Egypt is a mess. This month, the country's interim military government, the Supreme Council of the Armed Forces (SCAF), issued Decree 193, stipulating that the country's long-standing emergency law would be expanded to include such offenses as "infringing on others' right to work," "impeding the flow of traffic," and "spreading false information in the media." The SCAF had promised that the law would be repealed by September, before scheduled elections began; a few days ago, officials declared that it would be extended until June 2012. No one knows when a constitution will be drafted or presidential elections held, because the SCAF won't say so. Egypt's military rulers seem not so much determined as paralyzed.
Mess, of course, is inevitable; the question is whether Egypt's revolution is in danger, and if so, what it is in danger of. The fears being aired in the Egyptian media include that the SCAF won't leave, that Islamists will control the new government, and that the interim council's drift and opacity will deepen chaos to the point where whatever new government takes over, whenever it takes over, it will be overwhelmed with troubles -- a fate that the riots outside the Israeli Embassy on Sept. 8 may have been a deadly harbinger of. This last scenario seems the most probable, but any of them would call into question the success of the Arab Spring. The transition in Tunisia is looking less problematic than it is in Egypt; but Egypt is of course much bigger and much more important than Tunisia. If Egypt fails, so does the Arab Spring.
The underlying problem is that when a dictator is deposed, power must be vested in some entity until elections can be held. In Egypt, it was the Army that forced out the dictator, President Hosni Mubarak, and it was the Army, alone, that enjoyed sufficient national prestige to inherit his rule. (In Tunisia, with a much weaker army, power has passed to a civilian-led commission.) But elections cannot be held until new political parties can be formed, electoral institutions established, and, often, a new constitution drafted. And at present parties are still forming, merging and hunting for candidates, while drafters of a new constitution are too busy debating whether to include overarching principles to focus on constituent elements. This means that the interim government will serve for long enough that it must exercise power even if it is neither inclined nor competent enough to do so -- a description that seems to fit the SCAF quite well.

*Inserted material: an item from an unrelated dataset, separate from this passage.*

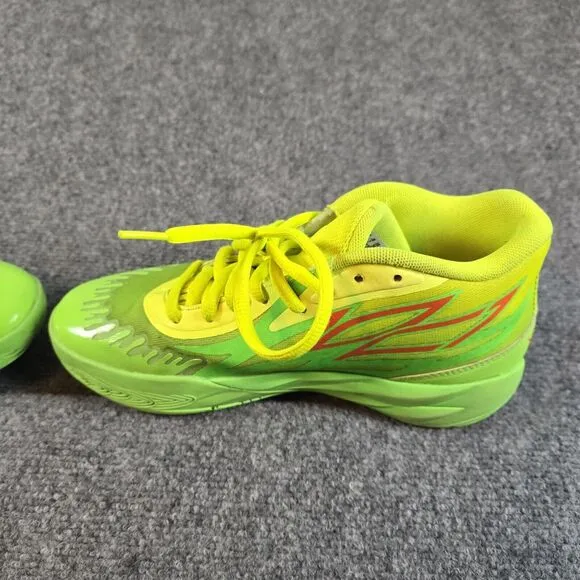 Puma LaMelo Ball MB.02 Nickelodeon Slime GS Size 7Y‎ Kids Shoes 377610-01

The SCAF appears both unwilling to govern and unwilling to let anyone else do so. When Prime Minister Essam Sharaf was appointed in March, he was widely seen as a tribune of Tahrir Square, a liberal democrat in the inner councils of state. But Sharaf and his cabinet have proved to be irrelevant. And the senior military officials who have inherited power are not, of course, democrats of any kind. They benefited from Mubarak's autocratic rule and shared his values. The council has refused to explain its decisions, refused to share power with civilians, and refused to tolerate media criticism of its own practices. The SCAF's intransigence has forced democracy activists to return again and again to Tahrir Square, because the new leaders seem to respond only to public pressure. As Marina Ottaway of the Carnegie Endowment for International Peace has written, Egypt "is teetering between authoritarianism and the diktats of the street." It's a dangerous moment.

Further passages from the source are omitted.